When planning employee or contractor training for any organization, given the commonality of the injuries, we often find that manual handling awareness programs are one of the first programs in any company training matrix.
While most health and safety professionals will still go through the motions when it comes to assessing the risks of such activities, using the hierarchy of controls to eliminate, substitute or engineer the required precautions, we find that we are often stuck with some of the lesser manual handling tasks where further elimination is impractical. For those situations we offer manual handling training in an attempt to bring a change in behaviour within our workforce, hoping this will completely prevent such injuries from occurring again. A quick, easy and cheap solution compared with more complex controls such as redesigning processes.
Manual handling training still remains as popular as ever, as It seems to be an obvious way to control those risks that we could not engineer out of some of our repetitive workplace tasks. Since we can teach people complex physical skills such as swimming and driving, one would think that we should be able to easily teach them to lift and carry objects safely as well. Unfortunately, when it comes to changing people’s behaviors, things are never that simple, and the bad news is, our one time manual handling training has likely contributed very little to actually minimizing the risk of sustaining a manual handling injury at work.
A twelve year old research on “Training as a control measure for manual handling risks” conducted by Loughborough University back in 2006 found little evidence that manual handling training was actually effective at reducing the risk of MSDs. It even went as far as highlighting that many of the practical measures practiced in such training could not often be applied in workplace situations. A predicament which I am sure many of us have seen throughout our careers.
The research, at the time, prompted the HSE to review a number of its recommendations and make a number of changes to ensure it stays relevant and in line with the recent study.

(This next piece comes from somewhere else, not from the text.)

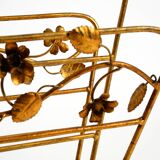 Extraordinary mid-century newspaper and magazine rack with a gilded metal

Since then, more than fifty individual high level studies worldwide have taken place assessing the effectiveness of manual handling training in preventing back injuries, general musculoskeletal health and changing workplace behaviours towards manual handling. The main common finding from all of those researches was how little the effect of manual handling training in reducing actual workplace incidents was, although many of them did mention an increase in the overall awareness of the subject.
Yet, till this day, in many organizations, a strong focus on manual handling training seems to be the only recommendation when it comes to injury prevention efforts. Considerations need to be viewed more holistically as part of a comprehensive task based risk assessment and focusing on a single intervention at the bottom of the hierarchy of control (e.g. training in handling techniques) will always be unlikely to control the majority of the risks.

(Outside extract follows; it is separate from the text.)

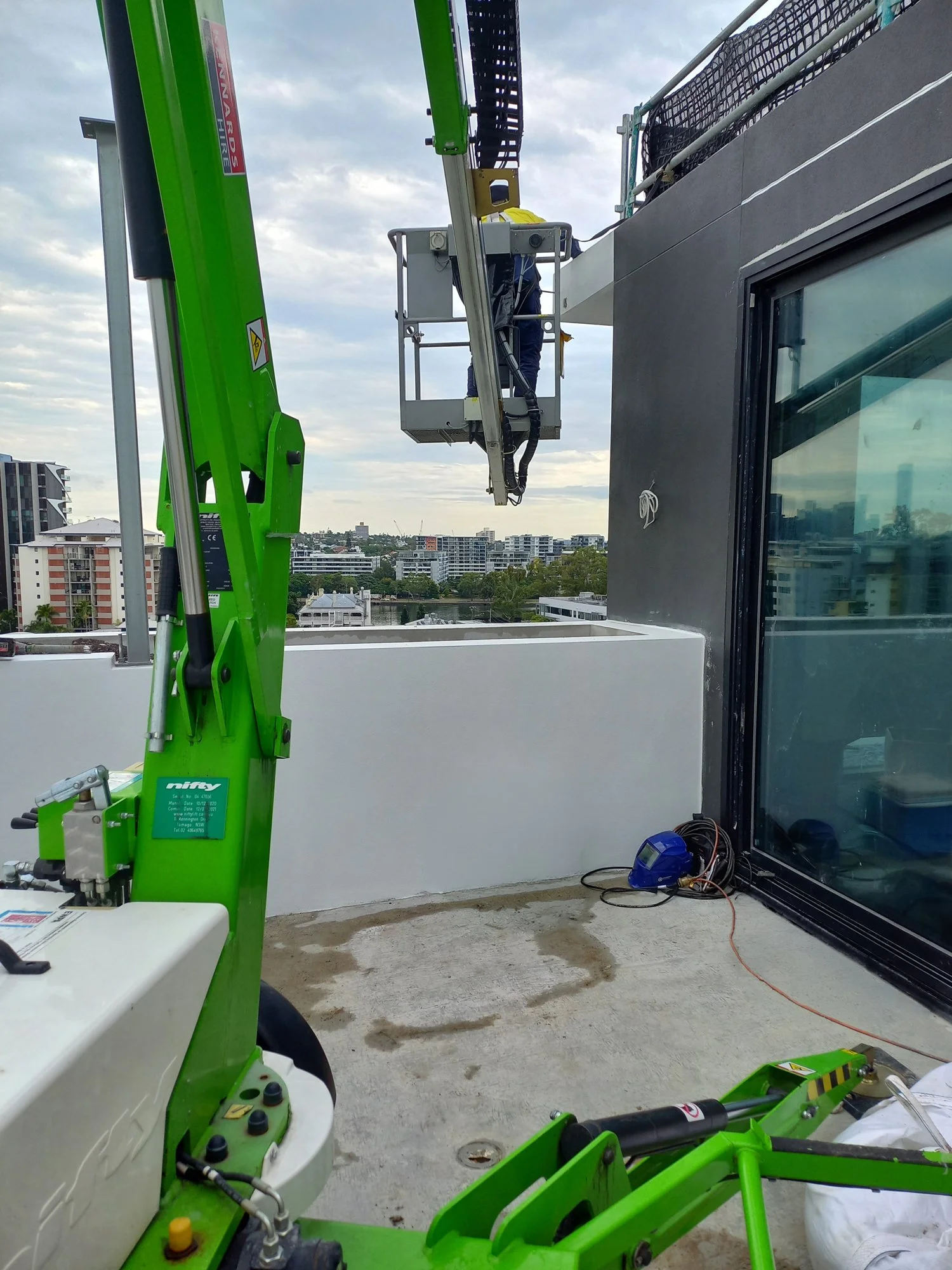 A worker on a hydraulic lift working on a building's exterior, with city buildings in the background.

Organizations that have reported significant reductions in manual handling injuries are known to consider more of a coaching approach to manual handling. They train their supervisors on manual handling extensively and in turn, the supervisors deliver site and task specific manual handling training as part of their job pre-task talks. They also use behavioural based safety programs to coach and advise workers on the correct methods of work enforcing both good manual handling practices and eliminating at risk occurrences.
Technology has also played a big role in reducing such risks, systems from Heddoko in Canada and Dorsa VI in the UK can incorporate sensors that measure movement as well as muscle activity with pads worn on an employee’s back. The activity data is collected in real time and can be analyzed to identify challenging or sustained postures or repetitive movements, providing evidence for task redesign. Subsequent research into the technology has shown that people who learned not to twist reported significantly fewer low back injuries than ones who were still twisting and had not used the technology.
The HSE’s message continues to be that risks from manual handling must be controlled and that duty holders should eliminate the risk at source where possible. Training in manual handling techniques has a place as part of wider safety training in a workplace once risks have been reduced as far as is reasonably practicable. But using it as your main control measure is likely to be ineffective and generally prove to be a poor investment.